Pitching American Primacy for 2016

March 5, 2015

Basketball fan-politicians like President Barack Obama often use sports metaphors when talking politics. As 2014 came to a close and his last electoral cycle passed, he pointed out “my presidency is entering the fourth quarter.”

The fourth quarter of a presidency is the foreign policy quarter. During most presidencies, it is when his leverage over Congress is at its ebb, his political considerations minimized and the time used to crystallize a legacy. For all presidents, this is the time to set the geopolitical gears in motion.

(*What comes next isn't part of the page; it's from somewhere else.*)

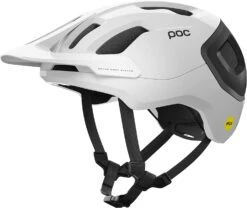 POC Axion Race MIPS MTB-Fahrradhelm-Helm - Hydrogen White/Uranium Black Matt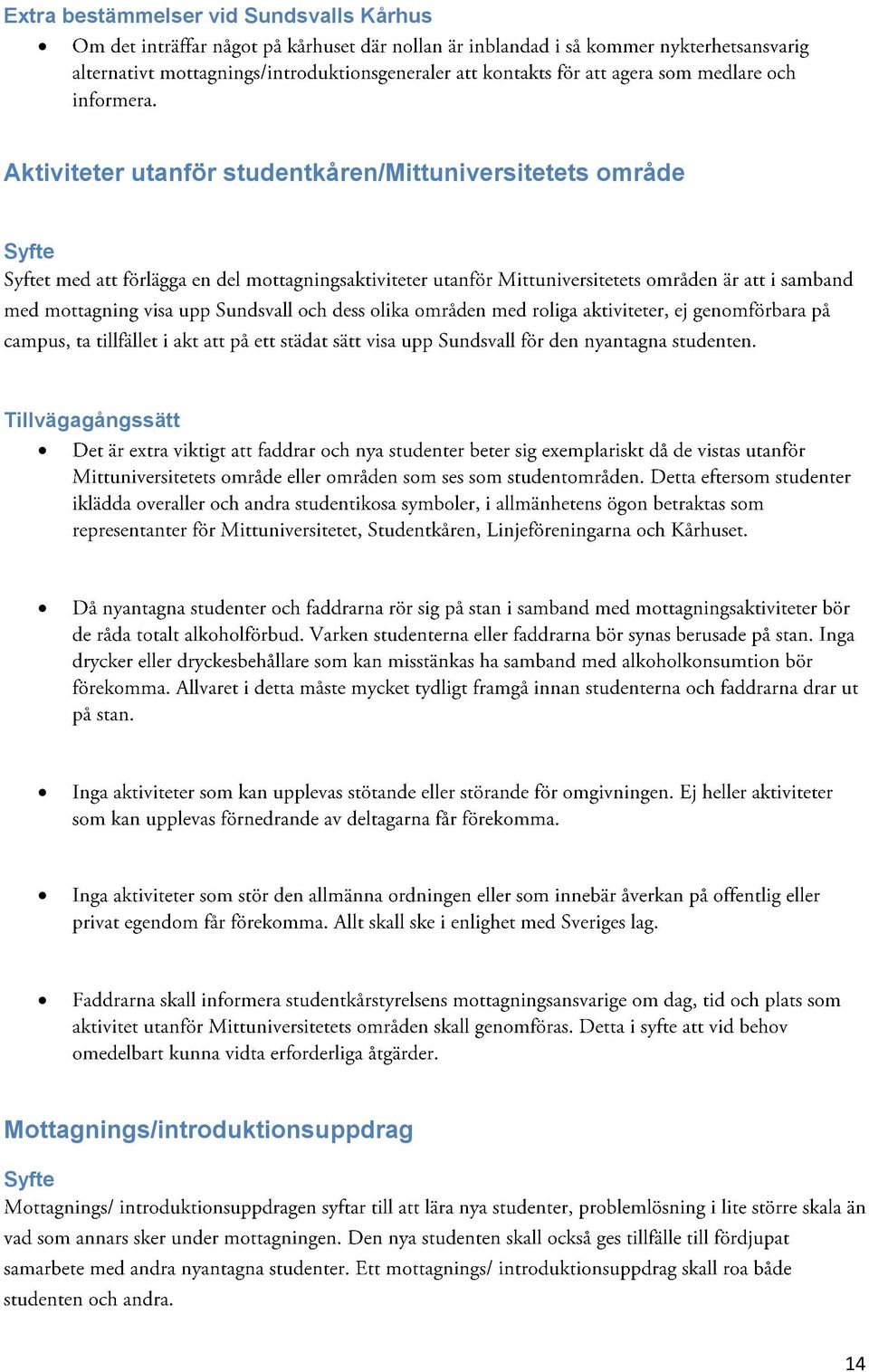 studentkåren/mittuniversitetets område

While his team plays the fourth quarter and the clock ticks down, the new 2016 presidential teams are positioning themselves for an electoral shootout. Each team – and there are many – needs to prepare to enter the Oval Office ready not only with a solid and popularly supported domestic agenda, but also be able adjust to what is left behind at the buzzer and to articulate a clear foreign policy plan and vision.

So far, of the multiple presidential hopefuls in both parties, only Vice President Joe Biden and former Secretary of State Hillary Rodham Clinton have worked on foreign policy in the executive branch. While some of the others have been on congressional committees or in statehouses that deal with other countries, Clinton and Biden have deep, long established, and very real global experience, knowledge and networks.

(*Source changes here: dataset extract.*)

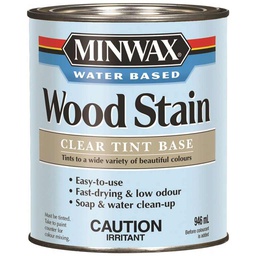 [10053290] MINWAX WOOD STAIN SEMI-TRANSPARENT CLR WATER BASED 946ML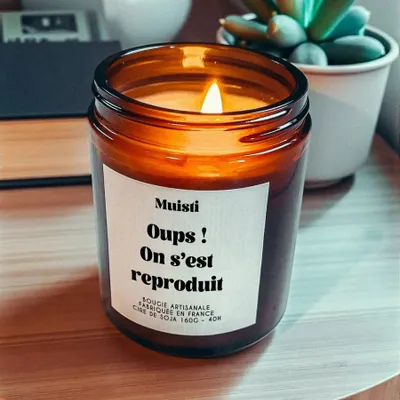 Gifts - Scented Candle - Oops! We've Reproduced - White Musk - 160g - MUISTI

Presidential contenders will question their judgment and record. They will have media surrogates, party activists and former colleagues attack their policy roles and decisions – relying on damning words from people like former Defense Secretary Bob Gates and his book “Duty.” Gates wrote that Biden was “wrong on nearly every major foreign policy and national security issue over the past four decades.” Clinton critics will repeat their Benghazi mantra.

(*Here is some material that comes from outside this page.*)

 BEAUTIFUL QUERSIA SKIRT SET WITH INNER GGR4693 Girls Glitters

Lacking foreign policy experience is not a deal killer for 2016 presidential candidates not named Biden or Clinton. After all, the last three presidents did not take office with vast personal foreign policy expertise. What they lacked in experience, however, they made up for with foreign policy bench strength.

George W. Bush gave America comfort in his candidacy during the 2000 campaign, for example, by preemptively and very publicly presenting an A-team of seasoned foreign policy hands like Colin Powell, who gave Bush street cred. The current crop of 2016 candidates all have a large crop of experts to cull for advice and support, like Stanford’s Condoleezza Rice or Brookings Institution’s Strobe Talbott. But advisers are not there to formulate a worldview for a candidate – they are there to help analyze conditions, strategize action, present options and articulate the president’s foreign policy perspective.